Type: Deciduous shrub

Plant Height: 2 to 5 feet

Sunlight Requirement: Full sun

USDA Zone: 5 – 10

Plants that are Good Mainly as Host Plants for Butterflies

1. Snapdragon

Snapdragon Flower

Snapdragons are pretty, herbaceous perennials that prefer cool summer conditions and bloom from spring to fall. Named for the tubular flowers that resemble a dragon’s snout, the classic garden favorite prefers moist, organically rich, and well-drained soils and produces flowers in a wide variety of shades including pink, purple, red and orange, as well as yellow, peach and white. The common snapdragon (Antirrhinum majus) is a host plant for the common buckeye.

Type: Perennial

Plant Height: 1 to 3 feet

Sunlight Requirement: Full sun

USDA Zone: 7 – 10

2. Stonecrop

Stonecrop

Sedum, commonly known as stonecrop, three-leaved stonecrop, or whorled stonecrop, is a small herbaceous perennial native to Missouri that has fleshy, succulent-like leaves and clusters of tiny star-like flowers. Their height depends on the type you are growing with the low-growing sedum being perfect for ground cover, and rock gardens, while the upright varieties are ideal for borders.
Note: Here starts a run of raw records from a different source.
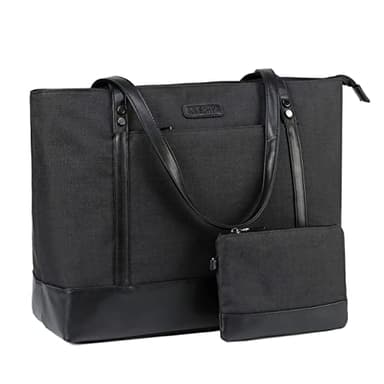 VASCHY Bolso Mujer Grande, Tote Bag Bolso Portátil Ordenador 15.6 Pulgadas Bolso Shopper Bolso Trabajo Impermeable Bolso Bandolera Universidad Bolsos Billetera 2pcs Set para Ejecutivo, Negro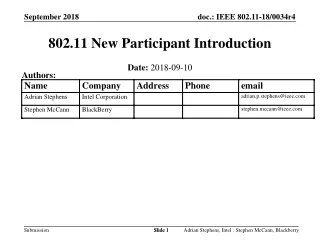 802.11 New Participant Introduction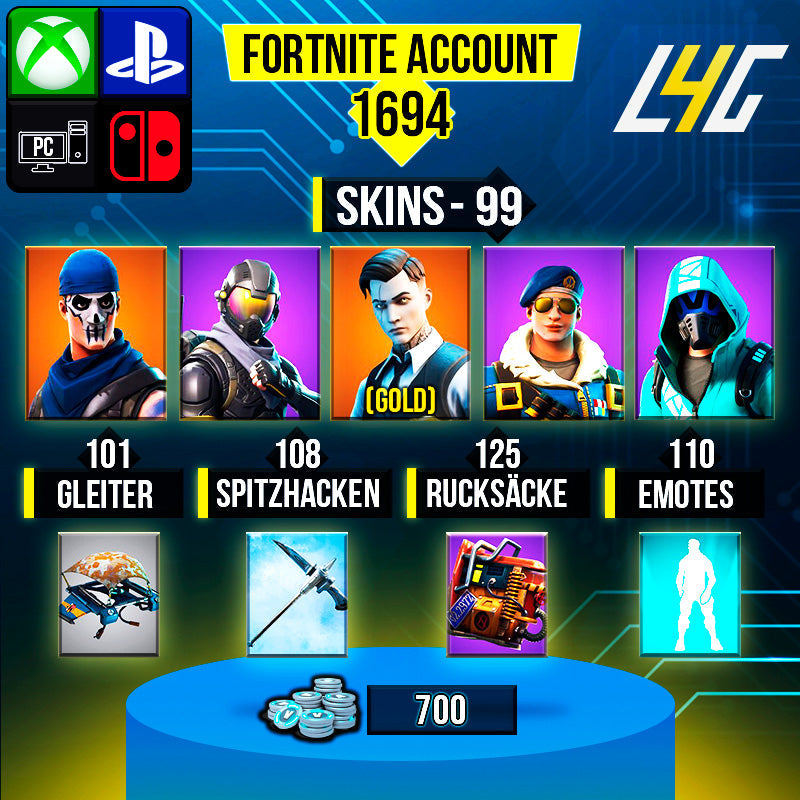 Fortnite Custom Account - 99 Skins | Surf Strider | Royale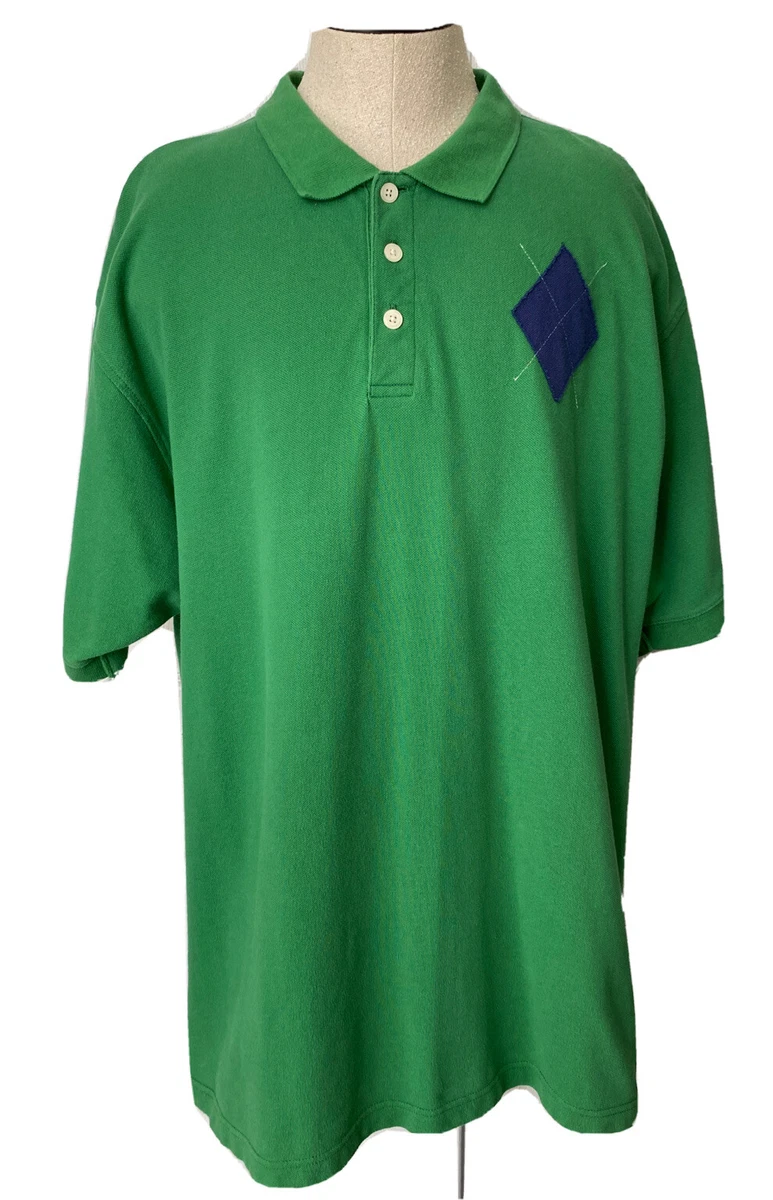 Finish Line FINL365 Green Polo Shirt Argyle Diamond Golf Men s 3XL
Stonecrop performs best in medium, well-drained soils. The woodland stonecrop especially attracts variegated fritillaries and fiery skippers, while the showy stonecrop is another sedum species that butterflies are fond of.

Type: Perennial

Plant Height: 0.50 to 3 feet

Sunlight Requirement: Full sun to part shade

USDA Zone: 3 – 10

3. Aster

Aster

Asters are bright, daisy-like perennials that prefer cool, moist summers, with Aromatic aster being a species that works well for attracting butterflies. The slowly spreading clumps can grow up to eight feet tall, producing vibrant blooms with yellow pollen-rich centers and petals in an array of colors from pink and purple to red, white, and blue. They prefer moderately fertile, well-drained but moist soils and full or part sun. Various species of asters serve as the host plants for pearl crescent butterflies.

Type: Perennial

Plant Height: 8 inches – 8 feet

Sunlight Requirement: Full sun, part sun

USDA Zone: 3 – 8

FAQs

Q.1. What are some of the flowers that attract butterflies?

Ans. Butterfly bush, lavender, coneflower, bluestar, salvias, allium, lupine, sea holly.

Q.2. What are some of the bushes that butterflies like?

Ans. Butterfly bush,rose of Sharon, firebush, summersweet, virginia sweetspire, spicebush, French lilac, buttonbush, weigela, bluebeard, New Jersey tea, meadowsweet.